- Artikel Bimtek -

Implementasi Permendagri No. 38 Tahun 2018 Tentang Pedoman Penyusunan APBD Tahun Anggaran 2019, Serta Pelaksanaan Dan Pertanggungjawabannya

Implementasi Permendagri No. 38 Tahun 2018 Tentang Pedoman Penyusunan APBD Tahun Anggaran 2019

Dalam upaya untuk menciptakan keselarasan antara kebijakan daerah dan kebijakan pusat, kini telah terbit Permendagri No. 38 Tahun 2018 yang nantinya hal ini menjadi amanat dari pihak Permendagri untuk mampu menyusun Anggaran Pendapatan dan Belanja (APBD) sesuai dengan kemampuan daerah masing-masing.

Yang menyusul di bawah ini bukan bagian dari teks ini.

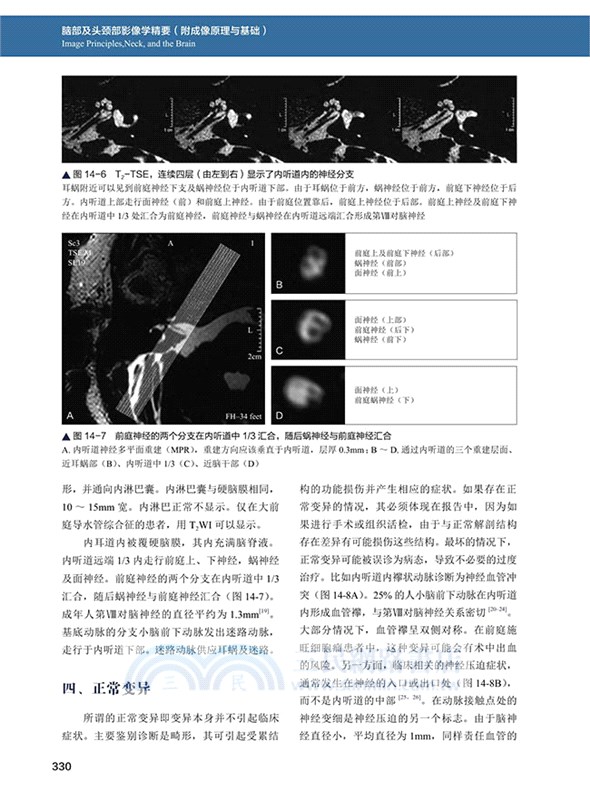 腦部及頭頸部影像學精要：附成像原理與基礎（簡體書）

Seperti yang disebutkan dalam BIMTEK keuangan, bahwa dalam penyusunan program pemerintah, disarankan untuk hanya mengikutsertakan program yang benar-benar bermanfaat yang nantinya memberikan dampak positif bagi masyarakat.

Dengan kata lain, tanpa mengabaikan jadwal BIMTEK keuangan tersebut, dikatakan bahwa semua program yang disusun nanti diharapkan bisa mendukung adanya pembangunan nasional pada tahun 2019 kali ini. Oleh sebab itu, pihak pusat dengan sangat menghimbau kepada pemerintah di bawahnya untuk menjadikan Permendagri tersebut sebagai pedoman dalam menyusun APBN 2019.

Tanpa mengesampingkan harga BIMTEK keuangan, setidaknya ada beberapa hal penting yang memang harus dipahami dalam Permendagri No. 38 Tahun 2018 ada beberapa perubahan dibandingkan dengan regulasi sebelumnya yang mencangkup beberapa hal berikut ini.

  1. Penegasan terhadap 5 prioritas terkait program pembangunan nasional di tahun 2018
  2. Adanya penyesuaian atas tahapan serta jadwal penyusunan dari APBD tahun anggaran 2019 dengan RKPD dan RKP
  3. Penegasan kaitannya dengan Raperda kepada pihak DPRD apabila hingga jadwal yang telah ditentukan belum disepakati bersama antara DPRD dan KDH
  4. Penegasan atas batas waktu untuk pengambilan persetujuan antara pihak DPRD dan KDH sejak adanya Rancangan Perda adalah 60 hari
  5. Adanya pembatasan terkait dengan Uang Harian Perjalanan Dinas dan TP-PNSD secara kualitatif
  6. Penegasan terkait dengan dukungan pendanaan bagi FKUB, secretariat bersama pengawasan dana desa, KPID dan pemilu tahun 2019
  7. Penegasan yang berkaitan dengan alokasi anggaran untuk ditujukan pada peningkatan kapasitas ASN yang dilakukan melalui Pendidikan serta Pelatihan yang bertahap yaitu sebesar 0.34% dari adanya total belanja daerah yang dikhususkan bagi pemerintah provinsi sekaligus 0.16% dari total keseluruhan belanja daerah yang diperuntukkan bagi pemerintah kabupaten ataupun kota
  8. Memanfaatkan lembaga keuangan perbankan (BPR) yang dijadikan rekening kas desa
  9. Perubahan tahapan serta jadwal penyusunan terkait APBD tahun 2019 Sesuai yang disampaikan dalam BIMTEK keuangan, itulah perihal terkait dengan
Permendagri No. 38 Tahun 2018 yang kini dijadikan sebagai acuan dalam menyusun APBD 2019 yang mencangkup kebijakan, teknis dan prinsip penyusunan. Dalam praktiknya, pemerintah berharap ke depannya akan ada kontribusi yang besar dalam pembangunan nasional 2019.